Jeremy Corbyn said on Thursday: "The Labour Party's overwhelmingly for staying in."
That's clearly true among Labour MPs. The vast majority of them are backing Remain, with only eight supporting leaving the EU.
But what about the wider party and its supporters? Kate Hoey, one of the Labour MPs who backs Brexit, claimed that beyond Westminster the picture was different. "We are in a minority in Parliament but we're not a minority in the country in terms of Labour supporters."
So who is right?
Looking at opinion polls it seems that it's the party leader. All polls on the EU referendum break down voters by voting intention or how participants voted at the General Election. In any single poll, the number of Labour voters is probably too small to draw firm conclusions, and there will always be uncertainty about the precise figures, but over many polls a clear pattern emerges.

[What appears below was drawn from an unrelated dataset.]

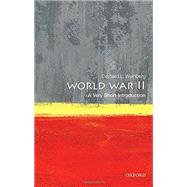 World War II: A Very Short Introduction by Weinberg, Gerhard L., 9780199688777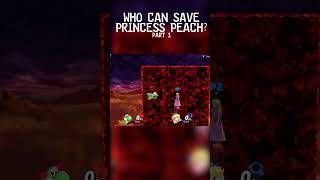 Who Can Save Princess Peach  Part 1 [upl. by Oates860]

In the last 10 published EU referendum polls the figures for Labour voters break down as:
Remain: 60%
Leave: 26%
Don't know/won't vote: 14%
(Sources: BMG, ICM, Opinium, ORB, TNS, YouGov)
Excluding "don't knows" that makes it 70:30 in favour of Remain. The equivalent figures for Conservative voters are 54% to 44% in favour of Leave.
There was also one poll in February of Labour Party members and registered supporters. That reported an even more one-sided picture: 81% for Remain, 11% for Leave, with 8% unsure. Again, we should treat the precise figures with caution but it's a pretty emphatic result.
(YouGov, 11-15 February 2016, sample: 1,217 Labour Party members and registered supporters)
Reality Check verdict: We have all learned to be suspicious of polling data, but it seems Jeremy Corbyn is right that he leads a party whose members and supporters back Remain by a large margin.